Über Hexen gibt es viele Mär: Es seien weise Frauen gewesen, sagen die einen; sie hätten über vermaledeiende Kräfte verfügt, sagen die anderen. Schliesslich wird behauptet, ihre Verfolgung sei schlicht Ausdruck eines finsteren Aberglaubens gewesen.

Mit solchen Vorurteilen gibt sich die heutige Forschung nicht zufrieden. In den letzten Jahrzehnten haben Forscherinnen und Forscher verschiedener Richtungen anregende Ansätze zur Einordnung des Hexenwesens formuliert. Je nach Perspektive und Modeströmung wird die Hexenverfolgung in Europa unterschiedlich erklärt: sozialwirtschaftlich, religiös, psychoanalytisch, feministisch oder politisch.

Heute sind sich viele Wissenschaftler einig, dass die Verfolgung von Hexen oft in nachbarschaftlichen Konflikten wurzelt. Diese traten gehäuft auf, wenn das Prinzip der Gegenseitigkeit (du gibst mir Milch, ich helfe dir beim Mähen) unter Druck geriet, beispielsweise in Hungerkrisen. Das erklärt, weshalb es in der Schweiz in den Jahrzehnten rund um 1600 – also während der «kleinen Eiszeit» und während des Dreissigjährigen Krieges – am meisten Hexenprozesse gab.

In den Siebzigerjahren deuteten Feministinnen die Hexenverfolgung als systematisches Unterfangen des Patriarchats: Männer würden Frauen generell einschüchtern und diejenigen, die über geheimes Wissen verfügten (bezüglich Abtreibung oder Verhütung), vernichten wollen. Tatsächlich waren es nicht nur Frauen, die der Hexerei angeklagt wurden, sondern ein Fünftel waren Männer.

Neuerdings werden vermehrt auch psychoanalytische Erkenntnisse berücksichtigt und unbewusste Ängste rund um Sexualität oder effektiven Missbrauch thematisiert.

Es gibt auch Versuche, die Hexenprozesse entweder als Teil der Konfessionalisierung Europas im 16. Jahrhundert zu erklären oder sie als Ausdruck der Gegenreformation zu sehen. Die Hexenverfolgung war jedoch nicht nur eine Sache der Katholiken, sondern auch in reformierten Gegenden gingen die Behörden kompromisslos gegen angebliche Hexen vor.

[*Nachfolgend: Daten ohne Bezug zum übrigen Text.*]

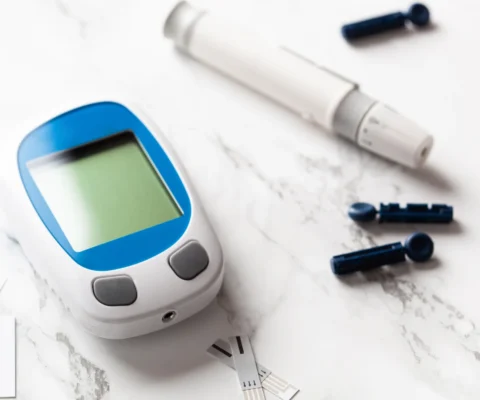 Mitos y Verdades que no conoces sobre la Diabetes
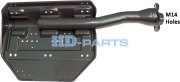 HD-parts 319431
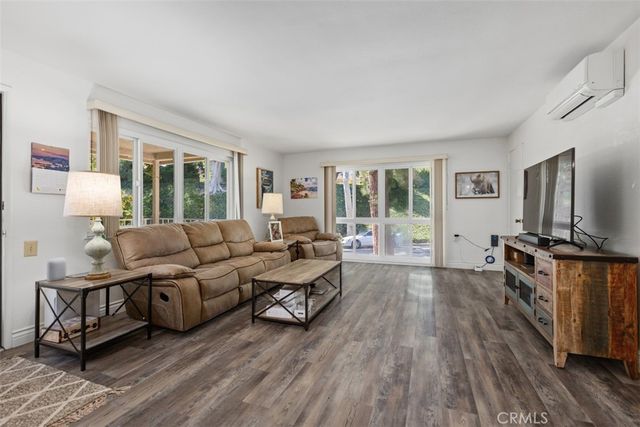 477 Calle Cadiz Q, Laguna Woods, CA 92637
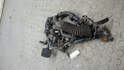 Электропроводка Toyota Land Cruiser Prado 1996-2002 - 21244613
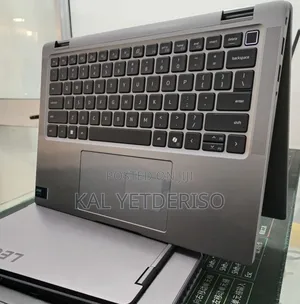 New Laptop Dell Latitude 7450 32GB Intel Core Ultra 7 SSD 512GB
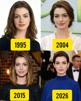 hathaway-interstellar-batgirl-90s-selina-kyle-catwoman-milfed-prada-mirana-daphne-99-serenity-hath-bulgari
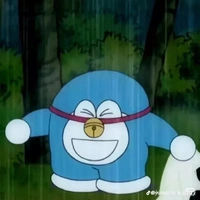 thầy hiệu trưởng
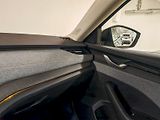 Škoda Octavia (2025) 1.5 TSI 85 kW Top Selection - náhled 6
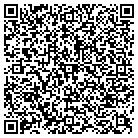 QR code with Charlotte House Interior Dsgnr contacts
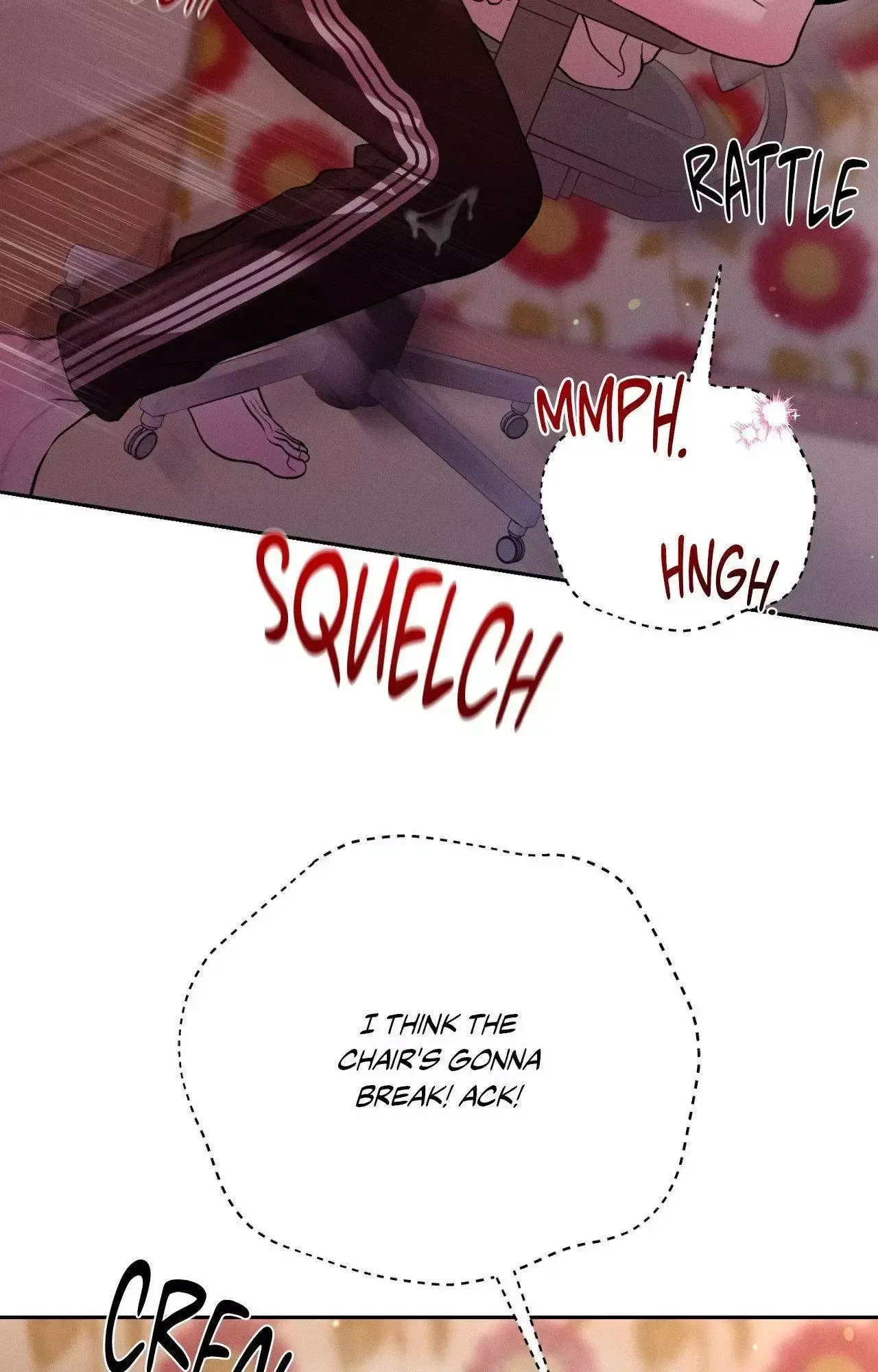Chapter 57, page 85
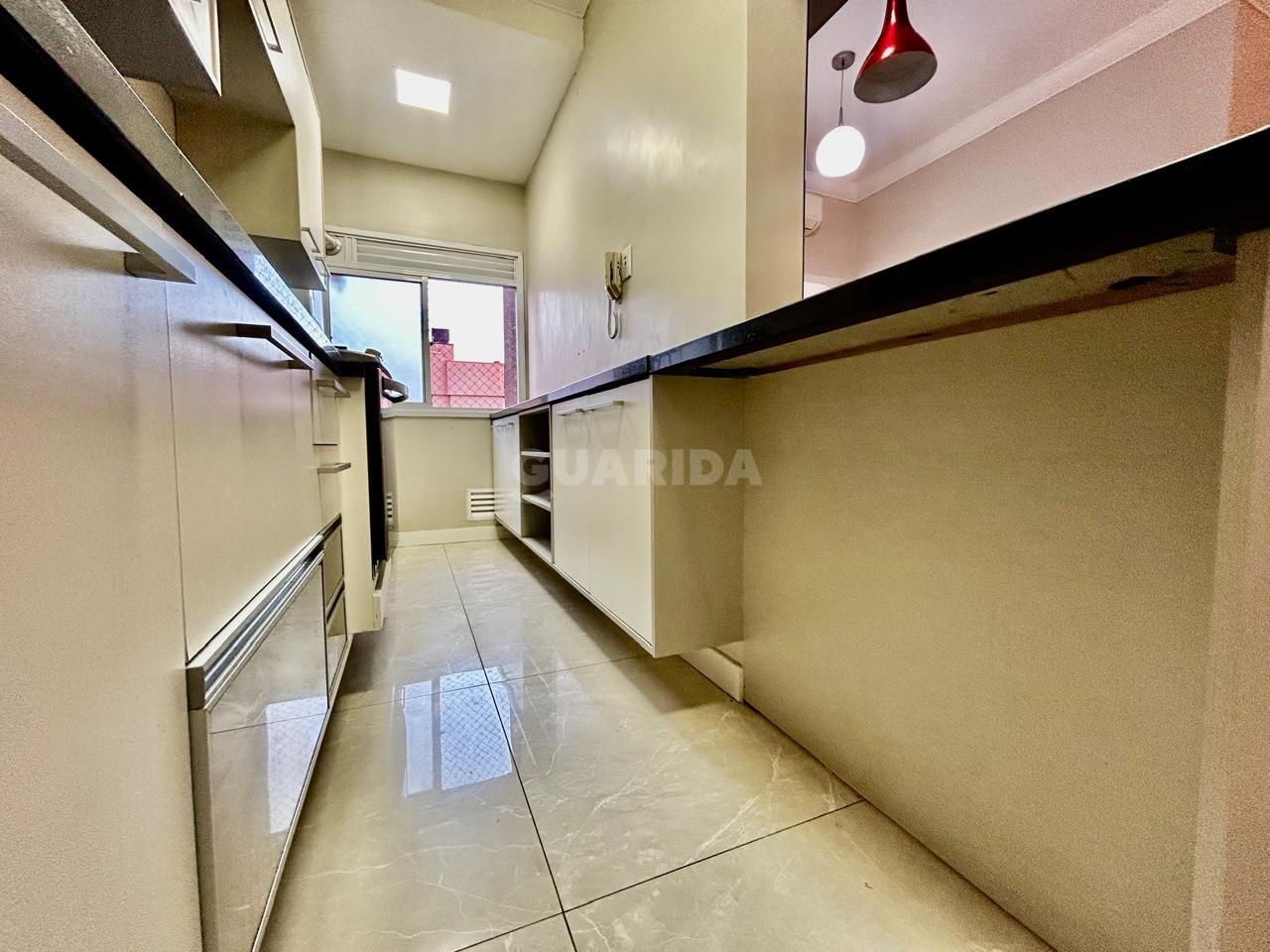 Apartamento para alugar em Avenida Sertório, 9140 - foto 10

Andere Historiker schlagen vor, die Hexenverfolgung als Teil des politischen Prozesses zu betrachten, in dem sich der Nationalstaat herausbildet.

Es gibt schliesslich eine Tendenz, die Verfolgung von Hexen als Nebenprodukt des wachsenden Kapitalismus zu interpretieren, was mit dem wirtschaftlichen Gefälle und Sozialneid belegt wird. Es gab als Hexen angeklagte Frauen und Männer, die wohlhabend und nicht (wie häufig) arm waren und aus der Kaufmannsschicht stammten, wogegen die Kläger arm waren und vom Dorf kamen.

Quellen
Jerouscheck, Günter: Hexenverfolgung und Psychoanalyse. Aus: Lexikon zur Geschichte der Hexenverfolgung, hrsg. v. Gudrun Gersmann, Katrin Moeller u. Jürgen-Michael Schmidt, in: historicum.net, URL: (2009)
Lorenz, Sönke/Midelfort, H. C. Erik: Hexen und Hexenprozesse. Ein historischer Überblick, in: historicum.net, URL: (2009)

 

Die Hexenprozessakten aus dem 17. Jahrhundert liegen im Gemeindearchiv.